**Given entries**
———

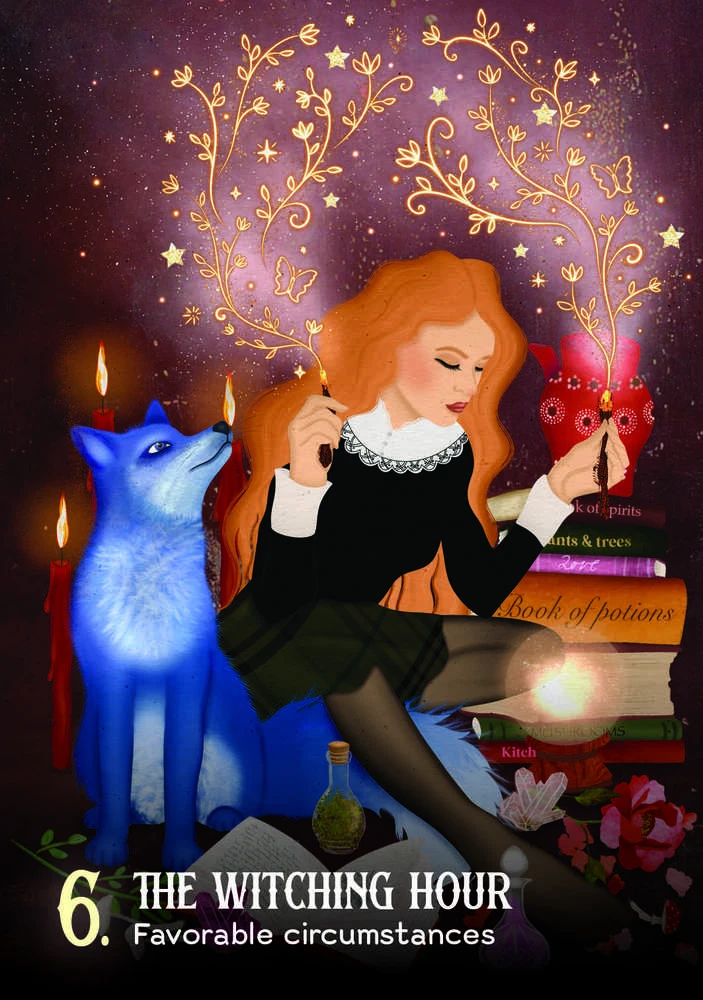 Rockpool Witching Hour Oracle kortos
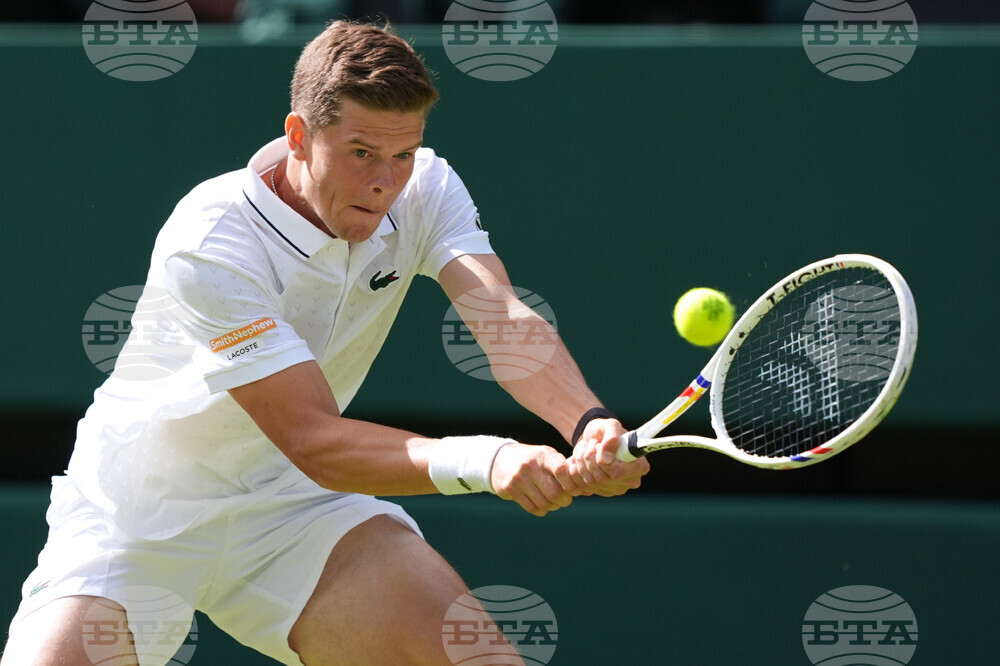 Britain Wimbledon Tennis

———

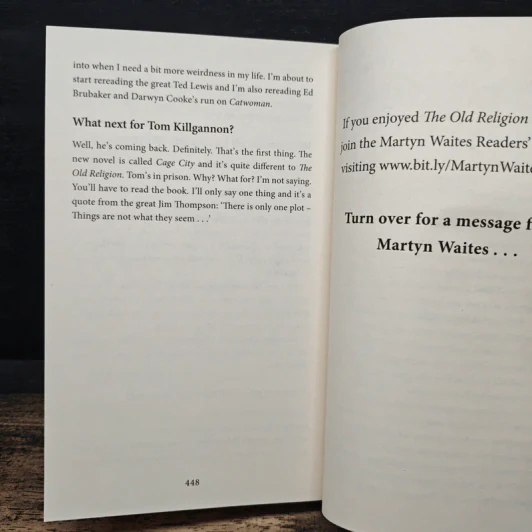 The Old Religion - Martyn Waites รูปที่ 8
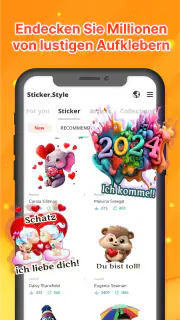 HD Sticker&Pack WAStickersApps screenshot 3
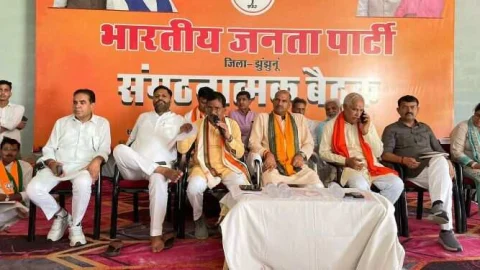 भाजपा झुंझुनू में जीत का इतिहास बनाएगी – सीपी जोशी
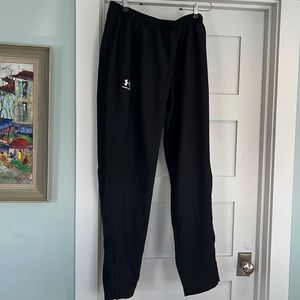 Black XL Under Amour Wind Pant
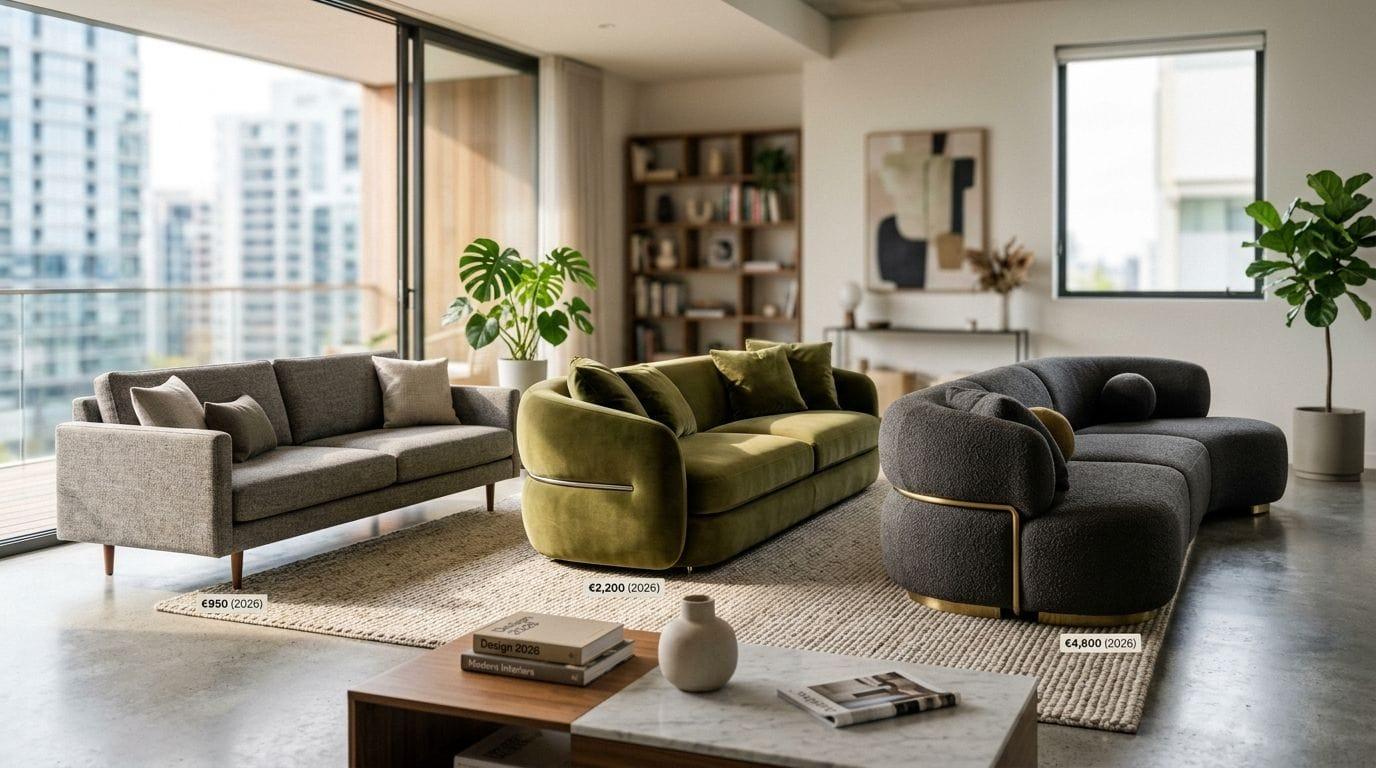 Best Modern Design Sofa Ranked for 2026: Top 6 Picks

———

**What you are asked to do**
Repeat exactly the stretch of the listing above that starts with the line holding "Black XL Under Amour Wind Pant" and finishes with the line holding "Best Modern Design", both included. Skip every picture.

**Exercise output**
 Black XL Under Amour Wind Pant
 Best Modern Design Sofa Ranked for 2026: Top 6 Picks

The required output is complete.